Corredor Yeltsin Jacques candidato a medalha nas Paralimpíadas Paris 2024
Corredor Yeltsin Jacques candidato a medalha nas Paralimpíadas Paris 2024- Foto: Wander Roberto/CPB

À FACTUAL900, Yeltsin Jacques falou um pouco sobre suas esperanças para o futuro, inspirações e dificuldades. O atleta nasceu com uma visão parcial – uma condição retiniana congênita. O esporte surgiu dentro de casa. “O que começou a me motivar foi a inspiração da minha família. Realmente eu sou aquela pessoa que amo o que faço e o esporte é minha vida”, disse.

O atleta já pensa no futuro e em formar futuros campeões, como ele. Yeltsin sabe que num esporte de alto rendimento, precisa estar em plenas condições físicas. Quando seu tempo chegar, ele quer virar treinador. “Vou formar campeões no Brasil. Hoje a gente está no caminho certo, a gente segue trabalhando e a cada dia mais quero trabalhar pelo esporte e pelo Brasil”, diz. 

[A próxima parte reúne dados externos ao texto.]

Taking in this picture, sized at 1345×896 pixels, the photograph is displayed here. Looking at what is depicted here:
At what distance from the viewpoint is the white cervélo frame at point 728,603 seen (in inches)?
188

Mas, para ele, ainda há muitos obstáculos na prática do seu esporte. “A maior dificuldade  do esporte no Brasil ainda é estrutural, estrutura física, às vezes falta um local adequado, são poucas as pistas não só do atletismo, mas do esporte em geral[…] Infelizmente, até pela própria cultura corrupta, não permite que sejam feitos os projetos de centro de treinamento conforme está no papel, isso tira muito a performance dos atletas e também mata muitos sonhos das nossas crianças”.

Caio Martins é um paratleta que sonha em representar o Brasil. Batemos um papo com ele:

Esperanças nacionais

Outro nome de destaque no esporte paralímpico no País é o da superatleta Carol Santiago. Nascida em Recife, a nadadora é uma das maiores esperanças de medalha em Paris 2024 e conta sobre sua trajetória, marcada por reconhecimentos, mas também dificuldades. “A cada ano que passa o paralímpico é mais reconhecido, porém, ainda há muito a se saber. Após Tóquio, o esporte paralímpico foi mais divulgado e foi mais reconhecido”.

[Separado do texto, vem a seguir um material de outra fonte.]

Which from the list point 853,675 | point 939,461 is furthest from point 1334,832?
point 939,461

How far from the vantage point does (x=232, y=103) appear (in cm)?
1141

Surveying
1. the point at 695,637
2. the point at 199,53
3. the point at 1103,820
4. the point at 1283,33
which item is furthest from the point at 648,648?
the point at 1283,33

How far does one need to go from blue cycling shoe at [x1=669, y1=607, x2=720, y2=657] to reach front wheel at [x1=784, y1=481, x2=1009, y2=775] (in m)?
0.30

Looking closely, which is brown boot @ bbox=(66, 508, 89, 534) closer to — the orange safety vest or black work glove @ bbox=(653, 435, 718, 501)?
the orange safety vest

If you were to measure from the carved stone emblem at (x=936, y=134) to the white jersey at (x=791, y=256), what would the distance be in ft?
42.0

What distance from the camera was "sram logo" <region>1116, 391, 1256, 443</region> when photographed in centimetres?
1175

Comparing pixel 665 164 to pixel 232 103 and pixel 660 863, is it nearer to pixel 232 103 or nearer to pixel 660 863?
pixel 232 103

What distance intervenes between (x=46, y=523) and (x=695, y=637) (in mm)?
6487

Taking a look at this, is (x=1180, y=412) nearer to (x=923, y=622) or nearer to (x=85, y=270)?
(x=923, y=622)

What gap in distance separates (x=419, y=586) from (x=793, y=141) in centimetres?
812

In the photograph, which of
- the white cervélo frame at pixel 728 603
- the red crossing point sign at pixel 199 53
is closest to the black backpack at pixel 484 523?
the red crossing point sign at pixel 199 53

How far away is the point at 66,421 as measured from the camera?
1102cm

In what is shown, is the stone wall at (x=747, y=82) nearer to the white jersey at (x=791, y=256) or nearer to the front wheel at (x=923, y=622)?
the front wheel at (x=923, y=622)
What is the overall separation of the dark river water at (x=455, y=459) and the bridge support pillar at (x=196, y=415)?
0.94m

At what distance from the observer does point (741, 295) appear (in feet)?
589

Nadadora Carol Santiago candidata a medalha nas Paralimpíadas 2024
Nadadora Carol Santiago candidata a medalha nas Paralimpíadas 2024- Foto: fornecida pela atleta

A medalhista atribuiu o maior interesse do público às transmissões televisivas e complementou: “Já está maior do que antes, mas ainda pode crescer muito mais”.

Quando questionada sobre investimentos nos esportes, ela declarou: ’’O Brasil hoje não está deixando a desejar em nenhum lugar que eu vá competir, isso foi um legado do Rio 2016”. O Centro de Treinamento Paralímpico Brasileiro, localizado na zona sul de São Paulo, é um dos grandes motivadores para os bons resultados nacionais. Aberto desde maio de 2016, o local acomoda 15 modalidades e possui área residencial para 300 pessoas.

E há também incentivo, o que não havia em anos anteriores. Carol Santiago afirma: “Hoje a gente tem no Brasil, um dos maiores programas de investimento individual num atleta de alto rendimento[…] consigo viver somente do esporte, algo que é extremamente importante, para que eu possa me dedicar aos treinamentos. Sempre dou o melhor para um patrocinador, porque a gente também é agente modificador dessa visão”.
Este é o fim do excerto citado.